EXERCISE BRIEF:
Nothing but the lines from the one containing "Bluetooth Pairing Nahi" to the end of the data should be copied, exactly, and the pictures stay out.

SUPPLIED INFORMATION:
#####

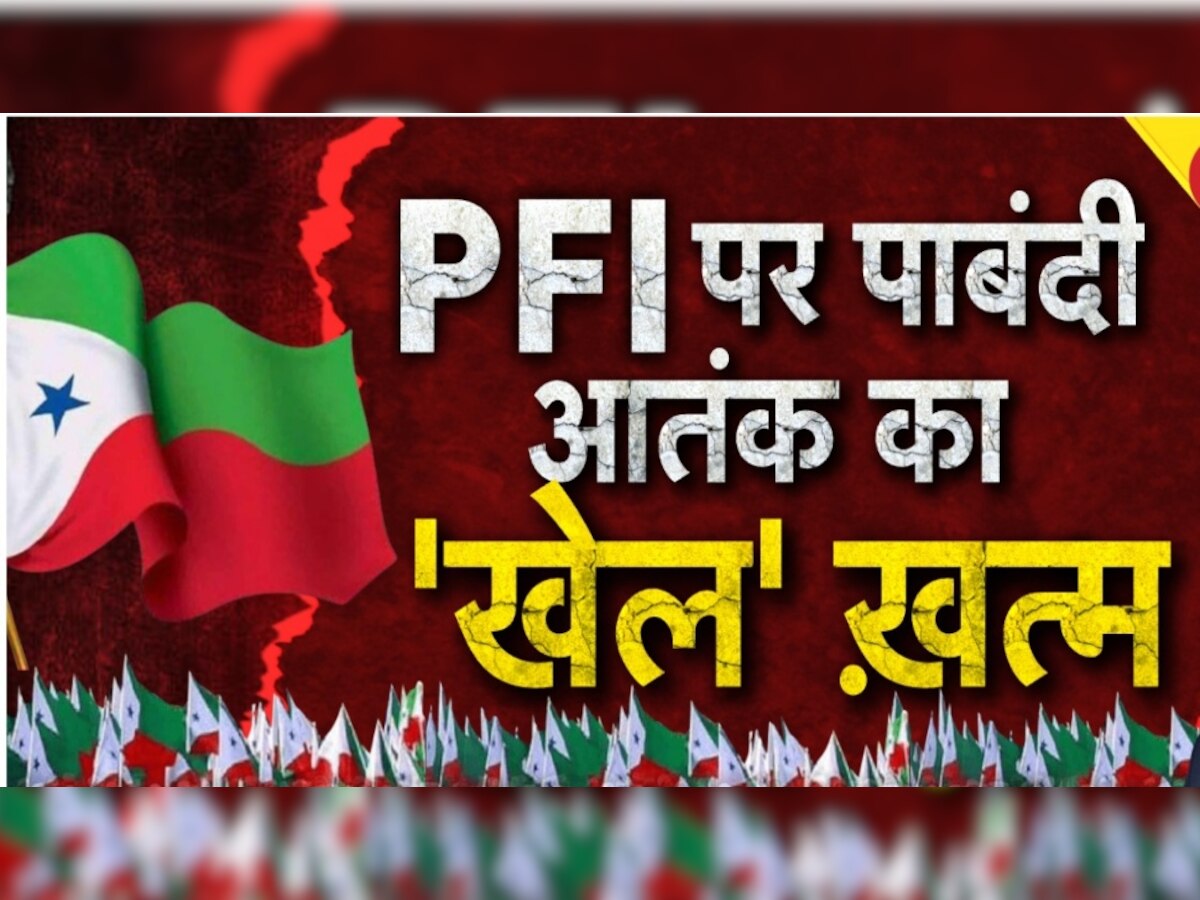 PFI Banned in India: पीएफआई से जुड़े 8 संगठनों पर भी चला केंद्र सरकार का चाबुक, टेरर प्लान का End Game
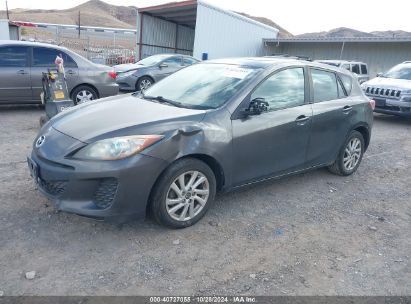 Lot #2992820594 2013 MAZDA MAZDA3 I TOURING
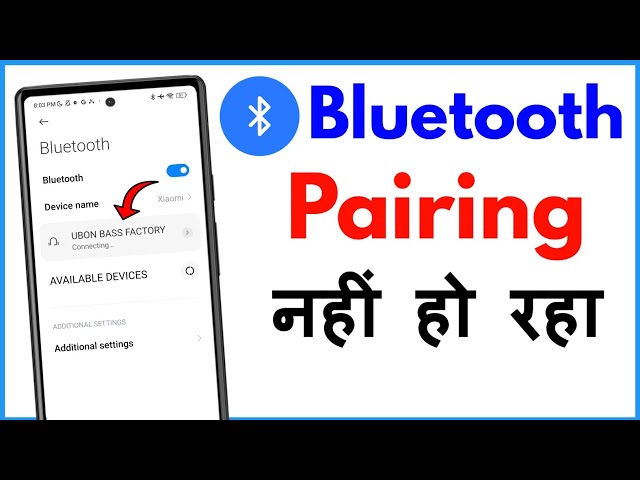 Bluetooth Pairing Nahi Ho Raha Hai | Bluetooth Pairing Problem | Bluetooth Pairing Failed Problem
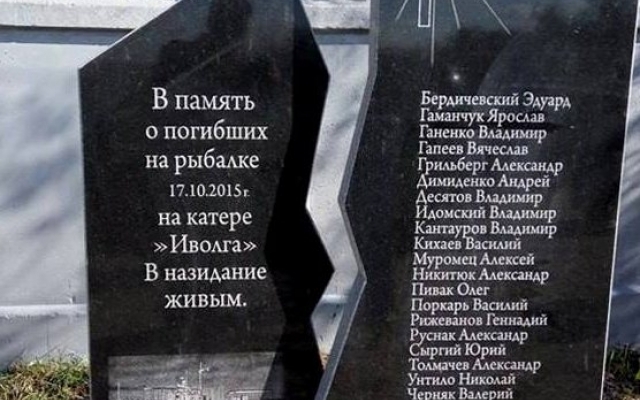 В Затоке открыли памятник погибшим на катере В Затоке открыли памятник погибшим на катере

#####

TASK RESULT:
 Bluetooth Pairing Nahi Ho Raha Hai | Bluetooth Pairing Problem | Bluetooth Pairing Failed Problem
 В Затоке открыли памятник погибшим на катере В Затоке открыли памятник погибшим на катере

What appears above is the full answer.